Farrow’s book is an in depth discussion of how US foreign policy has been militarized over the last twenty years.  He discusses how this situation evolved, who the major players were and how they influenced policy.  Further, he explores how it has effected US foreign policy in the past, currently, and its outlook for the future, particularly when Washington leaves behind the capacity for diplomatic solutions as it confronts the complexities of settling the world’s problems.

Farrows is a wonderful story teller who draws on his own government experience and his ability to gain access to major policy makers – a case in point was his ability to interview every living Secretary of State including Rex Tillerson.  At the core of Farrows narrative is the time he spent with Richard Holbrooke who brokered the Dayton Accords to end the fighting in the Balkans in the 1990s, and was a special representative working on Afghanistan and Pakistan under President Obama.  Holbrooke was a driven man with an out sized ego but had a history of getting things done.  From his early career in Vietnam through his work at State with Hillary Clinton, who held the job he coveted.  Holbrooke saw many parallels between Vietnam and Afghanistan.  First, we were defeated by a country adjacent to the conflict.  Secondly, we relied on a partner that was corrupt.  Lastly, we embraced a failed counterinsurgency policy at the behest of the military.  These are the types of views that at times made Holbrooke a pariah in government, but also a man with expertise and experience that was sorely needed.  His greatest problem that many historians have pointed out is that he was not very likeable.

Image result for john kerry and Iranian negotiations photo

(Nuclear talks with Iran)

During the Obama administration Holbrooke butted heads with most members of the National Security Council and the major figures at the Pentagon.  He worked assiduously to bring about negotiations with the Taliban to end the war in Afghanistan.  No matter how hard he tried he ran into a brick wall within the Obama administration.  Secretary of State Clinton would finally come around, but the military refused to partake, and lastly his biggest problem was that President Obama saw him as a relic of the past and just did not like him.

An important aspect of the book is devoted to the deterioration of American-Pakistani relations, particularly after the capture and killing of Osama Bin-Laden and the episode involving CIA operative Raymond Davis.  The lack of trust between the two governments was baked in to policy, but events in 2011 took them to a new level.  Farrow’s monograph makes for an excellent companion volume to that of Steve Coll’s recent DIRECTORATE S which is an in depth study of our relationship with Pakistan concentrating on the ISI.  Like Coll, Farrow hits the nail right on the head in that Pakistan reflected the difficulties of leaning on a military junta, which had no strategic alignment with the United States, particularly because of India.

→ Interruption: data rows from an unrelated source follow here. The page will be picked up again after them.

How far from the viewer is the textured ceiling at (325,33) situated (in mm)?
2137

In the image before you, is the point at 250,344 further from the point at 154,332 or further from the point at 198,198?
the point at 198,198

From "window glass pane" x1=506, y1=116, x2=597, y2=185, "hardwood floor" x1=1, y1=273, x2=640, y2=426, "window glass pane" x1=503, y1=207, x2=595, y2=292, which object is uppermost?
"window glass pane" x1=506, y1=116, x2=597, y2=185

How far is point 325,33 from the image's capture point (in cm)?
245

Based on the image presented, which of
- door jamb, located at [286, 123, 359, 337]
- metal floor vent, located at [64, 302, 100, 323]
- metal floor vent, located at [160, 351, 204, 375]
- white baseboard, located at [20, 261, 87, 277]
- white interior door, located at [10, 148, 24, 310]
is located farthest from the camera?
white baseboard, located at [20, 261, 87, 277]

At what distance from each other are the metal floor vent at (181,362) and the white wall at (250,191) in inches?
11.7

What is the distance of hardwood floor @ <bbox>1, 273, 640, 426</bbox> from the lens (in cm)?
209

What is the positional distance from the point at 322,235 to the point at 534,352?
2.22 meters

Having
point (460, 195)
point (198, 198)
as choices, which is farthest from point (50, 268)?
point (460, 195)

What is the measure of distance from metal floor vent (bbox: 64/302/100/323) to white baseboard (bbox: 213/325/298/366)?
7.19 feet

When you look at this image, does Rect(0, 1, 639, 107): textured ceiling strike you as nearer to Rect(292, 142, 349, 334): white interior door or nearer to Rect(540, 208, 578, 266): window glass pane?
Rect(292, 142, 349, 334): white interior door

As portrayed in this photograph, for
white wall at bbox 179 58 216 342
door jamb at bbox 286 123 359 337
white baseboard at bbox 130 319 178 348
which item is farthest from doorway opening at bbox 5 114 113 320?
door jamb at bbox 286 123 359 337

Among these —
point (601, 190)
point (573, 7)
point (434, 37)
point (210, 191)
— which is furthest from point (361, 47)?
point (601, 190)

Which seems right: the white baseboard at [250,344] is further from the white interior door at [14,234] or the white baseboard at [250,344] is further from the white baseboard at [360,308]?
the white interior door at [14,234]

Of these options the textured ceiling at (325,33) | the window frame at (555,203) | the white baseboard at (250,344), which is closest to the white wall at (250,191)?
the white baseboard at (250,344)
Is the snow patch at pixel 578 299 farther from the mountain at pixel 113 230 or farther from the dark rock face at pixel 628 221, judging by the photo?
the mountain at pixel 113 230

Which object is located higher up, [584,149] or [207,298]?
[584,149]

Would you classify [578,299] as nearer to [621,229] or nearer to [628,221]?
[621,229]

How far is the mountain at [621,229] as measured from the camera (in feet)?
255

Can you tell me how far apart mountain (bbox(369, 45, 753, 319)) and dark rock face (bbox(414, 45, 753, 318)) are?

Once Trump took over the “fears of militarization” Holbrooke had worried over had come to pass on a scale he could never have imagined.  Trump concentrated more power in the Pentagon, granting nearly total authority in areas of policy once orchestrated across multiple agencies.  The military made troops deployment decisions, they had the power to conduct raids, and set troop levels.  Diplomats were excluded from decision making in Afghanistan as 10 of 25 NSC positions were held by current or retired military officials, i.e., White House Chief of Staff General John Kelly; Secretary of Defense Jim Mattis; until recently National Security advisor H.R. McMaster among a number of other former or serving military in his cabinet.  However, one member of Trump’s military cadre is dead on, as Secretary of Defense Mattis has pointed out that “if you don’t fully fund the State Department, then I need to buy more ammunition.”

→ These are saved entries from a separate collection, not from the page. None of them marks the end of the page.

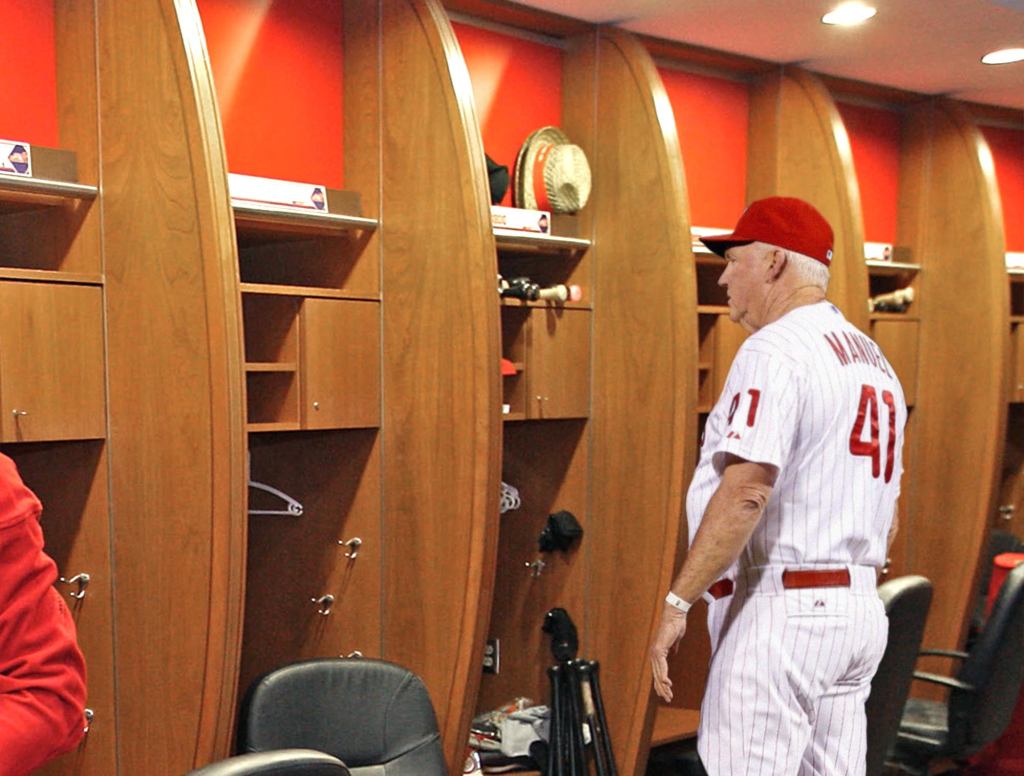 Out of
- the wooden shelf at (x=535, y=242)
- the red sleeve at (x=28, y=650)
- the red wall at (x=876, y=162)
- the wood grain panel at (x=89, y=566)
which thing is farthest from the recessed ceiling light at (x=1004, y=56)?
the red sleeve at (x=28, y=650)

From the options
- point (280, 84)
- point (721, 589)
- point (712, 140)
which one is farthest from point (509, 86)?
point (721, 589)

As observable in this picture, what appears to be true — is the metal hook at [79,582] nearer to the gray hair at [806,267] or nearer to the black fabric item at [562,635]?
the black fabric item at [562,635]

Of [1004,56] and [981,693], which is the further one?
[1004,56]

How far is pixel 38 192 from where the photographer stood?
2432 millimetres

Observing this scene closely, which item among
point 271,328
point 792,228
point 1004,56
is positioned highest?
point 1004,56

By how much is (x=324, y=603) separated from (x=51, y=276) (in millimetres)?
1247

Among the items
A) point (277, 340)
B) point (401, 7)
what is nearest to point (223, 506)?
point (277, 340)

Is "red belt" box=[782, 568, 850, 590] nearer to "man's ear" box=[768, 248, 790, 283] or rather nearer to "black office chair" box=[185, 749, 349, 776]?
"man's ear" box=[768, 248, 790, 283]

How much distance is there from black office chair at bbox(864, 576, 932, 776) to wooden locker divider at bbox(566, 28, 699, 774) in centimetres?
87

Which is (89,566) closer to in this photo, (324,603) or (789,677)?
(324,603)

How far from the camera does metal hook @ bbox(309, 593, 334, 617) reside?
3.17 metres

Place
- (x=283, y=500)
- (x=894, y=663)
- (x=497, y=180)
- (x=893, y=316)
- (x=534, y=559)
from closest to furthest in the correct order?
(x=894, y=663)
(x=283, y=500)
(x=497, y=180)
(x=534, y=559)
(x=893, y=316)

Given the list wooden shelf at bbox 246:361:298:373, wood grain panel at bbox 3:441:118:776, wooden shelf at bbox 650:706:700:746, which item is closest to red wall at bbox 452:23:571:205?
wooden shelf at bbox 246:361:298:373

Farrow zeroes in on US, Syria, Afghanistan, the Horn of Africa, and policies toward Egypt and Columbia to support his thesis.  The US had a nasty policy of allying with warlords and dictators in these regions and negotiations were left to the military and the CIA.  Obama’s approach was simple; conduct proxy wars, he described our foreign military or militia allies as our partners who were doing the bidding of the United States.  Yemenis and Pakistanis could do our work, why send our own sons and daughters to do it was his mantra.  The Trump administration has continued this policy and closed the Office of the Special Representative for Afghanistan and Pakistan and has left the position of Assistant Secretary for Southern and Central Asia vacant – makes it difficult to engage in diplomacy/negotiations.  As in Afghanistan with the Northern Alliance and other warlord groups, the US approach in Somalia was similar.  First, we “contracted” the Ethiopian military in Eritrea to invade Somalia and allied with a number of warlords.  In both cases, military and intelligence solutions played out, but the US actively sabotaged opportunities for diplomacy and it resulted in a destabilizing effect “continents and cultures away.”  One wonders if American policy contributed to the growth of al-Shabaab in the region – for Farrow the answer is very clear.

Image result for photo of kim jong un

(North Korean Leader Kim Jong Un)

Farrow accurately lays out a vicious cycle; “American leadership no longer valued diplomats, which led to the kind of cuts that made diplomats less valuable.  Rinse, repeat.”  Farrow’s thesis is accurate, but at times perhaps overstated as in most administrations there are diplomatic successes (at this time we are waiting for North Korean negotiations – which all of a sudden has gone from a demand for total denuclearization to a getting to know you get together); Obama’s Iran Nuclear deal, Paris climate deal, opening relations with Cuba are all successes, despite Trump’s mission to destroy any accomplishments by the former president.  Farrow’s book is a warning that new Secretary of State Mike Pompeo should take to heart, if not all future negotiations will rest with people who have not studied the cultures and societies of the countries they would be dealing with.  Dean Acheson wrote PRESENT AT CREATION detailing his diplomatic career and the important events following World War II, I wonder what a diplomat might entitle a memoir looking back decades from now as to what is occurring.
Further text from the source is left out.